Short descriptive text snippets
______

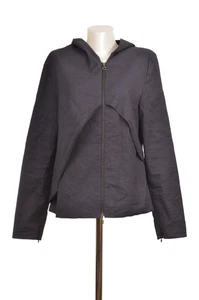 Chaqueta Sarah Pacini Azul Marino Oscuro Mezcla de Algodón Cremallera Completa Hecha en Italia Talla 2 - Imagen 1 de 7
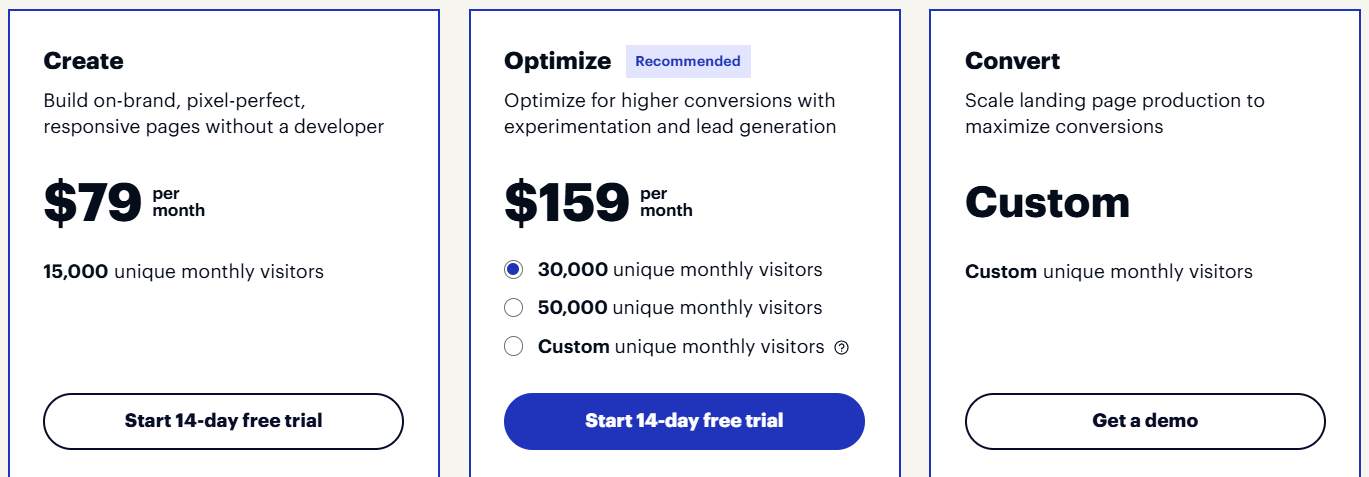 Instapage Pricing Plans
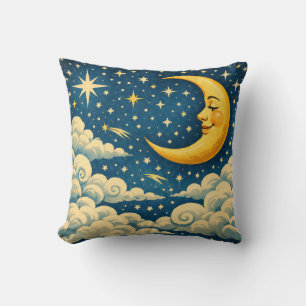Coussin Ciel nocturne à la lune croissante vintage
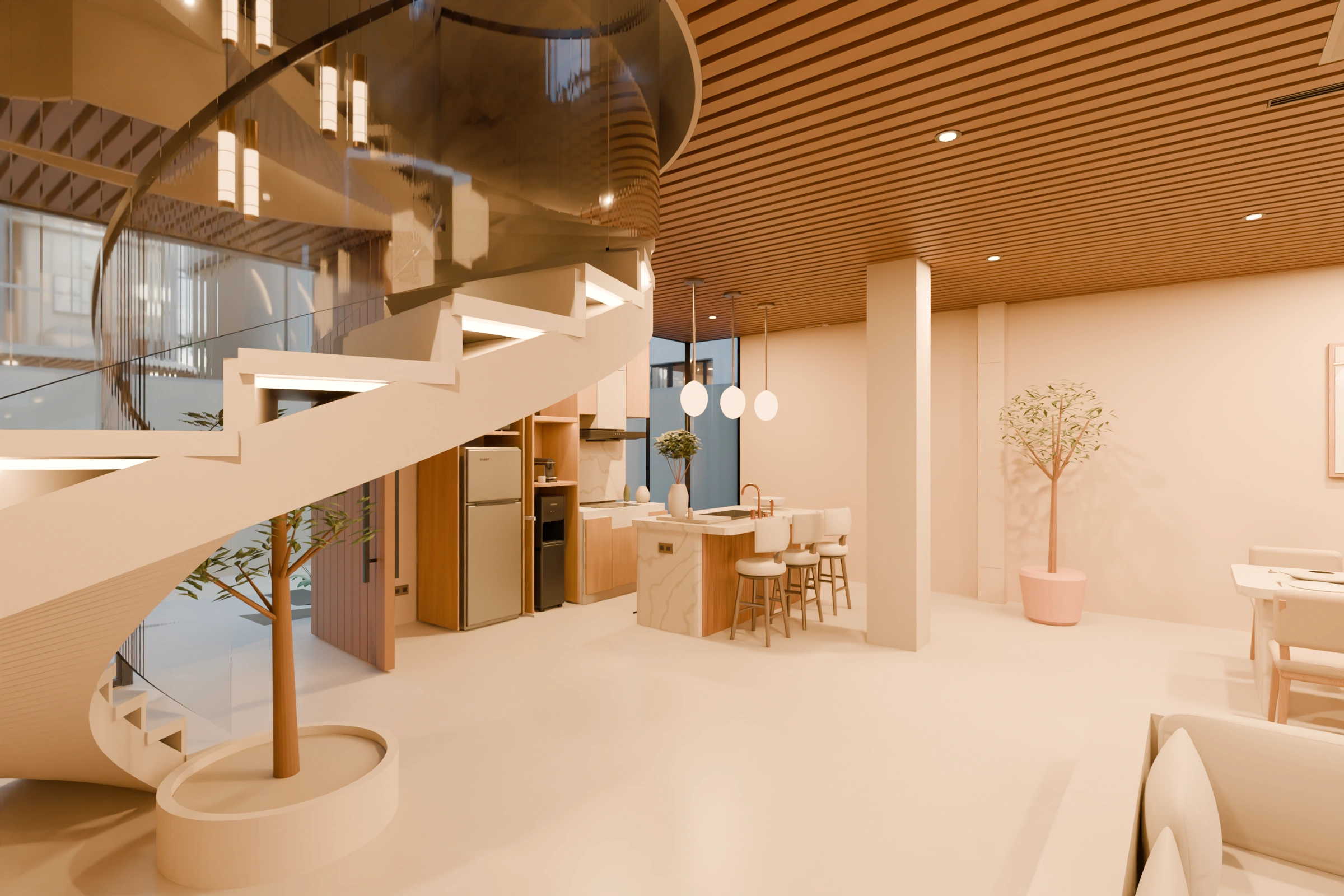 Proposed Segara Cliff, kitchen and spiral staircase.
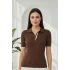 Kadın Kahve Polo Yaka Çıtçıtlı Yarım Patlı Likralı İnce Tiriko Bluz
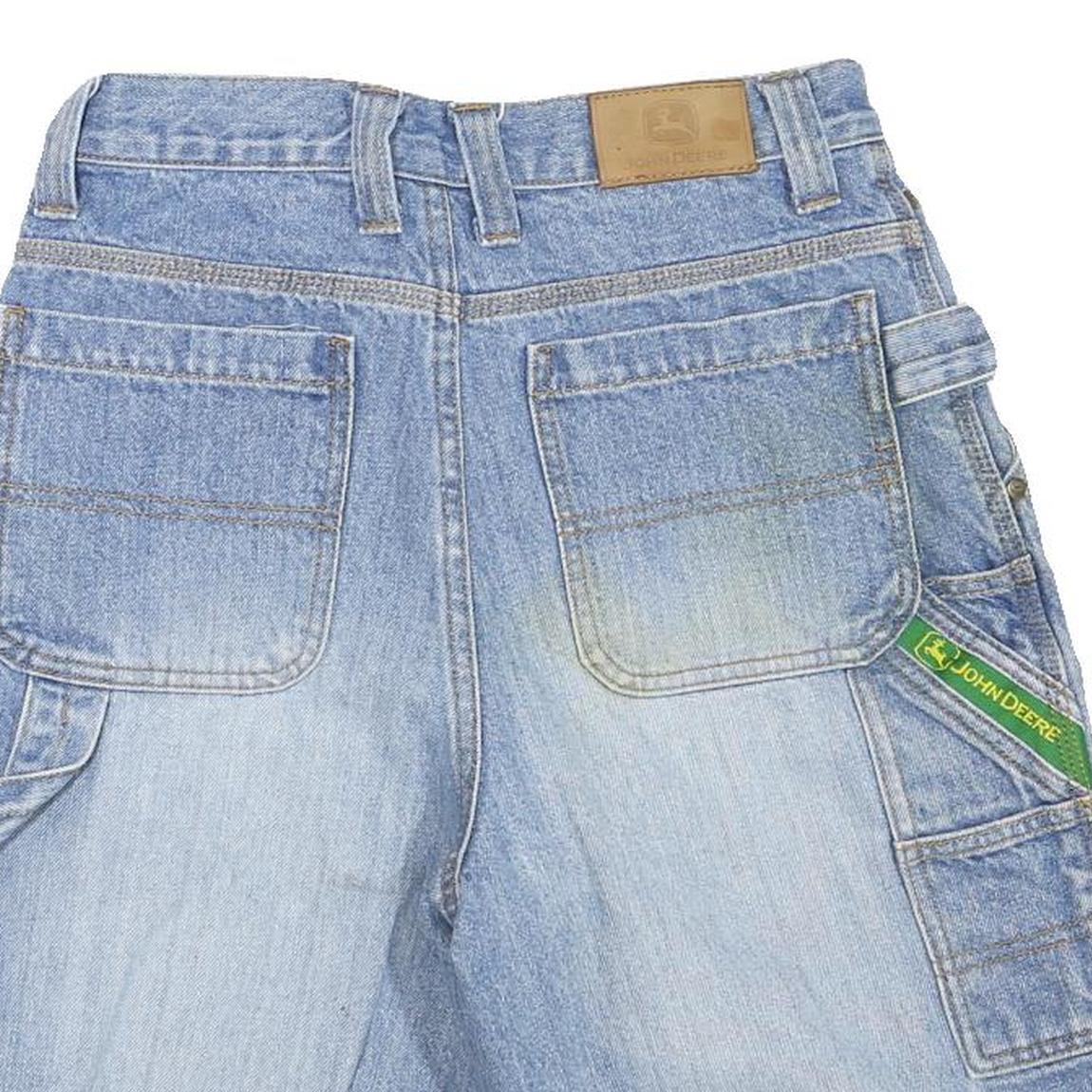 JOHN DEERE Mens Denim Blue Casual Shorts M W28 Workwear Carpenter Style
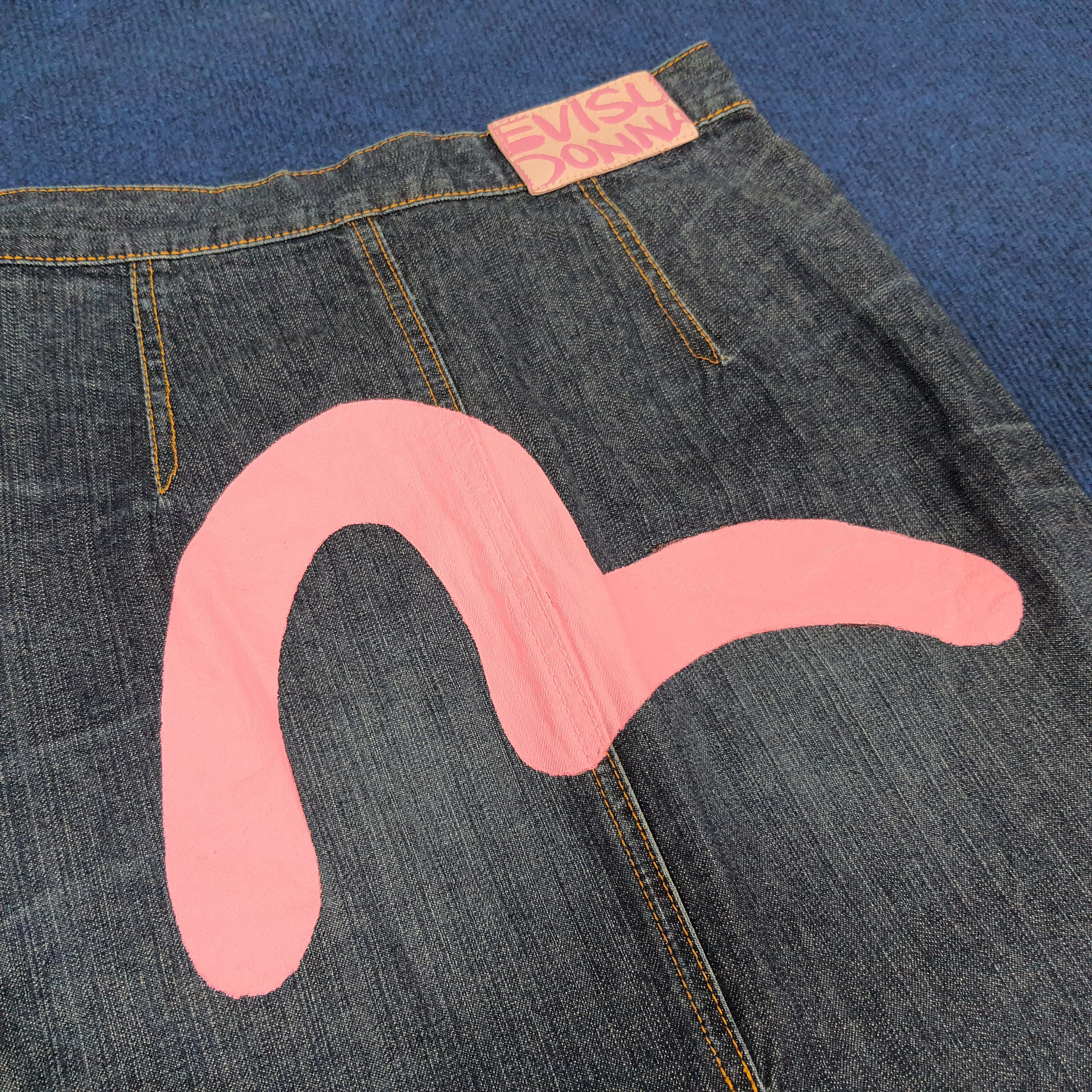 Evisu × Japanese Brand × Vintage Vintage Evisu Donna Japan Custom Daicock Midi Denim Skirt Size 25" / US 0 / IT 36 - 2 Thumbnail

______

Work task: The copy should match each line above exactly and contain no images.

Result for this exercise:
 Chaqueta Sarah Pacini Azul Marino Oscuro Mezcla de Algodón Cremallera Completa Hecha en Italia Talla 2 - Imagen 1 de 7
 Instapage Pricing Plans
Coussin Ciel nocturne à la lune croissante vintage
 Proposed Segara Cliff, kitchen and spiral staircase.
 Kadın Kahve Polo Yaka Çıtçıtlı Yarım Patlı Likralı İnce Tiriko Bluz
 JOHN DEERE Mens Denim Blue Casual Shorts M W28 Workwear Carpenter Style
 Evisu × Japanese Brand × Vintage Vintage Evisu Donna Japan Custom Daicock Midi Denim Skirt Size 25" / US 0 / IT 36 - 2 Thumbnail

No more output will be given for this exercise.